If you are turning the variable :sales into something that no longer represents the level of sales of a firm, and rather a growth rate, then you are already committing an error by naming it :sales. You should create a new variable entirely. DataFrames.jl will not propagate this metadata and the problem is solved.

1 Like

Yes.

I have long been an advocate of metadata. For context, much of my job as an RA and a researcher is analyzing household surveys in Stata. I believe column metadata similar to Stata will help adoption of DataFrames.jl for this kind of data analysis.

I use metadata in 3 ways.

  1. Raw survey data. Programs like SurveyCTO etc. export Stata .dta files with column labels attached.
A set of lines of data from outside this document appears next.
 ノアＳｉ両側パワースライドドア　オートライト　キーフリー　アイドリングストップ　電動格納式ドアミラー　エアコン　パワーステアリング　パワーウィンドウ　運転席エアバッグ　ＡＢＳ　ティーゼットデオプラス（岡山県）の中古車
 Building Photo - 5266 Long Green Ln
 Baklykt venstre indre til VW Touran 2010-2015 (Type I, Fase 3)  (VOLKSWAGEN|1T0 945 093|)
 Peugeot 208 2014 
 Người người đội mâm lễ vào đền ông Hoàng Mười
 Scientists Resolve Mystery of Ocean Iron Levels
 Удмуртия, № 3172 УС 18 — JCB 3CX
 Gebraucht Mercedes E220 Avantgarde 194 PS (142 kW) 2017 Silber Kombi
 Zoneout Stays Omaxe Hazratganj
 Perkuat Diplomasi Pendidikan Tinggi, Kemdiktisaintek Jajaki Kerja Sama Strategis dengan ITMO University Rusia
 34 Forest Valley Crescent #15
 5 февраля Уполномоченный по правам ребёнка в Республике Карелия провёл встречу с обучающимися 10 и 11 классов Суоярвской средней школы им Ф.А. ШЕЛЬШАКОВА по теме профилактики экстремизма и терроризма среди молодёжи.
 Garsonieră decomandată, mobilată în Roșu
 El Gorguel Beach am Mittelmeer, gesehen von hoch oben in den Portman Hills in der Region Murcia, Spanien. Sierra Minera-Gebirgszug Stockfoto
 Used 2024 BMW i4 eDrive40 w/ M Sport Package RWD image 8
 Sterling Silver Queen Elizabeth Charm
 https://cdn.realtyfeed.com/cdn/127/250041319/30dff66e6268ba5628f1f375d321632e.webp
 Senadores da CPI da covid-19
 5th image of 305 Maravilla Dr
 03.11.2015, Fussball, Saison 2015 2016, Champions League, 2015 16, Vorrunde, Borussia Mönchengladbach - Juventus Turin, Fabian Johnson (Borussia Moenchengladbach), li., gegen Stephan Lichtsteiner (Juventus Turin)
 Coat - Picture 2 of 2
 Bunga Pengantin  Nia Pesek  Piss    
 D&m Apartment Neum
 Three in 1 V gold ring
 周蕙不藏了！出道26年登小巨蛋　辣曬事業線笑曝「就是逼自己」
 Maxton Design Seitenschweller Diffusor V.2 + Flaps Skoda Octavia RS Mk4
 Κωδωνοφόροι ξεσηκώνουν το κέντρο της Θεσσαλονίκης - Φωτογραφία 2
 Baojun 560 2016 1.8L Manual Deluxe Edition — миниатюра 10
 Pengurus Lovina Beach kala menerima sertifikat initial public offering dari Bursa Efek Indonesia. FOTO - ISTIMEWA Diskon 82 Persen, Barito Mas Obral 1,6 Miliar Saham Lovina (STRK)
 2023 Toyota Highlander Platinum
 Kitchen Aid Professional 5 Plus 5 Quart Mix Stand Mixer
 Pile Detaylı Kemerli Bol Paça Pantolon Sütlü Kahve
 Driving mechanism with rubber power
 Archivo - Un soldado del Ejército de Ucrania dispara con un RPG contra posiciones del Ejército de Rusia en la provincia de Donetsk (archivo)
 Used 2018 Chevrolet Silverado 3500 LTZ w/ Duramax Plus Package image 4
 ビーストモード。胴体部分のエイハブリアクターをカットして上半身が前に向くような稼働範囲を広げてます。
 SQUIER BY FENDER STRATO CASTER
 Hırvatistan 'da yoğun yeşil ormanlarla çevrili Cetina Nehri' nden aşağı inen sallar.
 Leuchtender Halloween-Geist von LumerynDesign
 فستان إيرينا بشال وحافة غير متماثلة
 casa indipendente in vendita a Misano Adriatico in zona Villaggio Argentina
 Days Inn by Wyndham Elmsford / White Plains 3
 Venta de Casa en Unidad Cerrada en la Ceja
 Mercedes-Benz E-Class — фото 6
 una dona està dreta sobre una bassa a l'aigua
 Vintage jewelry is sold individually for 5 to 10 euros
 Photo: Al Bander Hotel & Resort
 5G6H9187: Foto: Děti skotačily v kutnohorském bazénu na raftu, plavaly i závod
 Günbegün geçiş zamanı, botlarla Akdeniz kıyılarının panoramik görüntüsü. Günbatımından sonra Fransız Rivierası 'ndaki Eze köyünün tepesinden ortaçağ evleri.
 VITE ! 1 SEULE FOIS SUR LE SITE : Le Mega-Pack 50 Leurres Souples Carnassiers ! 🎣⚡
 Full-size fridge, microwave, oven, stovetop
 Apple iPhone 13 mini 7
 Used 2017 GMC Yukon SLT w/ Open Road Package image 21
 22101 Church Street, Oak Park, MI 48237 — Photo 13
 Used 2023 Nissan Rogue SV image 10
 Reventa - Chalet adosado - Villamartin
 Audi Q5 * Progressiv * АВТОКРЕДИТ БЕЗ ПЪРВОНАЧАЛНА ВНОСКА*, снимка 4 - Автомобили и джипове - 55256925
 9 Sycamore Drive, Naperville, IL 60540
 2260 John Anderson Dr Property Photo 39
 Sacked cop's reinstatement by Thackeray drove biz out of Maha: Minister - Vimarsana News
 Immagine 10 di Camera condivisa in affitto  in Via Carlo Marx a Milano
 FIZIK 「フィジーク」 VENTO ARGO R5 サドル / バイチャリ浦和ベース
When you first read in the data you often see variables like a1, a2, etc. corresponding to survey questions, and the question text is given as the label. You use the labels to re-name the variables to something easier to work with.

In this instance, dropping metadata on subsets would be very annoying. If I wrote

use raw_data.dta, clear

// Keep only completed interviews
keep if complete == 1

and suddenly all of the variable labels necessary for exploring the data disappeared. This does not happen in Stata. Metadata is kept, and we should do the same.

Analogously, often the survey results come in many different data sets, and you have to merge or join them together. It would be very annoying if every time I merged or joined I had to manually propagate the metadata.

Furthermore, having metadata exist separate from the data frame would make it impossible to track joins and appends. And there may be thousands of columns. The only workable solution is to have the metadata exist within the data frame.

  1. Keeping track of transformations. In Stata, I frequently make variables which are the function of other ones, for example the sum of a binary index. To do this I write a function.
cap program drop mean_binary_index
program define mean_binary_index
	syntax varlist, newname(name)
	egen `newname' = rowmean(`varlist')
	note `newname': "Row mean of `varlist'" 
end

This creates a new variable which is the average of inputted variables. In the last line of the function, I add a note to the new column created. This way, in the future, someone can do

note list myvar

and see how the variable was constructed. It would be a shame if I made a tweak to myvar later on and we lost crucial information about how the variable was constructed.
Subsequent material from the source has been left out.